Ruby Winifred Levick (11 September 1871 – 31 March 1940) was a Welsh sculptor and medallist who had many of her works exhibited at the Royal Academy.

==Biography==
Levick was born in Llandaff, Glamorgan, the daughter of George Levick, a civil engineer from Blaina, and Jeannie Sowerby. Her younger brother was the explorer George Murray Levick. She studied at the National Art Training School, NATS, in London between 1893 and 1897, where she was taught by the sculptor Édouard Lantéri and where she won a gold medal for her statuette Boys Wrestling. Among her contemporaries at NATS, which became the Royal College of Art in 1896, were several other notable female sculptors including Margaret Giles, Esther Moore, Florence Steele, Lilian Simpson and Lucy Gwendolen Williams. Throughout her career Levick specialised in bronze statuettes and garden pieces, often of children at play or of people in motion.

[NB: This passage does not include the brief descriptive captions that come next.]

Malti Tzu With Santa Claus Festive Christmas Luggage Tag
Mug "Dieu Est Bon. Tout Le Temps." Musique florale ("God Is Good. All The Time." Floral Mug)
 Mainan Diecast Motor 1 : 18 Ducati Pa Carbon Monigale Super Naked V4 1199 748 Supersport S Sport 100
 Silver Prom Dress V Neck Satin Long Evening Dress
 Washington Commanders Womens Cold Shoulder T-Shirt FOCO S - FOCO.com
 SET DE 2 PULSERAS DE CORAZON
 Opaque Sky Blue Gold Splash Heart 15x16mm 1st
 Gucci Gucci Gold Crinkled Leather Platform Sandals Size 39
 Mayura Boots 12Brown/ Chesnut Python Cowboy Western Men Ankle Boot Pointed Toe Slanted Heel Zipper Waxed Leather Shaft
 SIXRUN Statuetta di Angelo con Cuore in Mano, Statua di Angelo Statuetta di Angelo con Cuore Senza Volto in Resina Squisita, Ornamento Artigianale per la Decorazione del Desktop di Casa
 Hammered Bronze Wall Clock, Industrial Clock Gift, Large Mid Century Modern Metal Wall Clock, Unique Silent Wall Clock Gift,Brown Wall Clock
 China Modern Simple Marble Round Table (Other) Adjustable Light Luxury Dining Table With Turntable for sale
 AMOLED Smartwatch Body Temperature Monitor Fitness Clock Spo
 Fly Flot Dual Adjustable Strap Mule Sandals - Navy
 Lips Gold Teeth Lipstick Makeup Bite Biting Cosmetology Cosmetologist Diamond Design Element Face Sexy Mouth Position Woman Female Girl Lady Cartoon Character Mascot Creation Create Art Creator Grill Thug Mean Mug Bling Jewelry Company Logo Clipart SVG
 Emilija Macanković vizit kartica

Her statuettes of male athletes and groups of working people, for example Fishermen Hauling in a Net, were much admired. Levick also created a number of works for churches. These included a set of panels for the Chapel of St Edmund in Hunstanton plus panels and reredos for St Brelades in Jersey.

Levick exhibited her work at the Society of Medallists in 1898 and 1901, with the Arts and Crafts Exhibition Society in 1899, 1903 and 1916 and also at the Walker Art Gallery in Liverpool, the Ridley Art Club and at the Royal Academy in London.